Max of non-zero values over specified axis.

min(axis: int | Tuple[int, ...] | None = None, keepdim: bool = False) Tensor | SparseTensor[source]

Min of non-zero values over specified axis.

abs() SparseTensor[source]

Element-wise absolute value.

sqrt() SparseTensor[source]

Element-wise square root.

square() SparseTensor[source]

Element-wise square.

exp() SparseTensor[source]

Element-wise exponential.

log() SparseTensor[source]

Element-wise natural logarithm.

log10() SparseTensor[source]

Element-wise base-10 logarithm.

log2() SparseTensor[source]

Element-wise base-2 logarithm.

sin() SparseTensor[source]

Element-wise sine.

cos() SparseTensor[source]

Element-wise cosine.

tan() SparseTensor[source]

Element-wise tangent.

sinh() SparseTensor[source]

Element-wise hyperbolic sine.

cosh() SparseTensor[source]

Element-wise hyperbolic cosine.

tanh() SparseTensor[source]

Element-wise hyperbolic tangent.

sigmoid() SparseTensor[source]

Element-wise sigmoid.

relu() SparseTensor[source]

Element-wise ReLU.

clamp(min: float | None = None, max: float | None = None) SparseTensor[source]

Element-wise clamp.

sign() SparseTensor[source]

Element-wise sign.

floor() SparseTensor[source]

Element-wise floor.

ceil() SparseTensor[source]

Element-wise ceil.

round() SparseTensor[source]

Element-wise round.

reciprocal() SparseTensor[source]

Element-wise reciprocal (1/x).

pow(exponent: float | int | Tensor) SparseTensor[source]

Element-wise power.

logical_not() SparseTensor[source]

Element-wise logical NOT.

logical_and(other: SparseTensor) SparseTensor[source]

Element-wise logical AND.

logical_or(other: SparseTensor) SparseTensor[source]

Element-wise logical OR.

logical_xor(other: SparseTensor) SparseTensor[source]

Element-wise logical XOR.

isnan() SparseTensor[source]

Element-wise isnan check.

isinf() SparseTensor[source]

Element-wise isinf check.

isfinite() SparseTensor[source]

Element-wise isfinite check.

detach() SparseTensor[source]

Detach from computation graph. Preserves subclass type.

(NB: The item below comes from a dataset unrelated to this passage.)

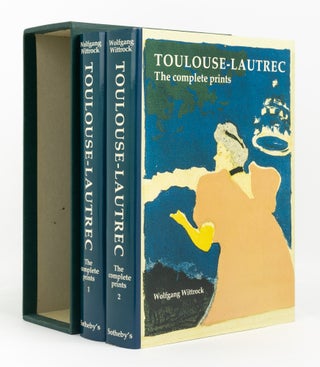 Item #122835 Toulouse-Lautrec. The Complete Prints. Edited and translated by Catherine E. Kuehn....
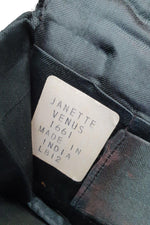 Load image into Gallery viewer, VINTAGE Janette Venus 1661 Made in India L812 Handmade Zardozi Bag (S)-Unbranded-The Freperie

requires_grad_(requires_grad: bool = True) SparseTensor[source]

Enable/disable gradient tracking.

property requires_grad: bool

Whether gradient tracking is enabled.

property grad: Tensor | None

Gradient of values if available.

clone() SparseTensor[source]

Create a copy of this SparseTensor. Preserves subclass type.

contiguous() SparseTensor[source]

Make values contiguous in memory. Preserves subclass type.

save(path: str | PathLike, metadata: Dict[str, str] | None = None) None[source]

Save SparseTensor to safetensors format.

Parameters:
  • path (str or PathLike) – Output file path (should end with .safetensors).

  • metadata (dict, optional) – Additional metadata to store.

Example

>>> A = SparseTensor(val, row, col, (100, 100))
>>> A.save("matrix.safetensors")
classmethod load(path: str | PathLike, device: str | device = 'cpu') SparseTensor[source]

Load SparseTensor from safetensors format.

Parameters:
  • path (str or PathLike) – Input file path.

  • device (str or torch.device) – Device to load tensors to.

Returns:

The loaded sparse tensor.

Return type:

SparseTensor

Example

>>> A = SparseTensor.load("matrix.safetensors", device="cuda")
save_distributed(directory: str | PathLike, num_partitions: int, partition_method: str = 'simple', coords: Tensor | None = None, verbose: bool = False) None[source]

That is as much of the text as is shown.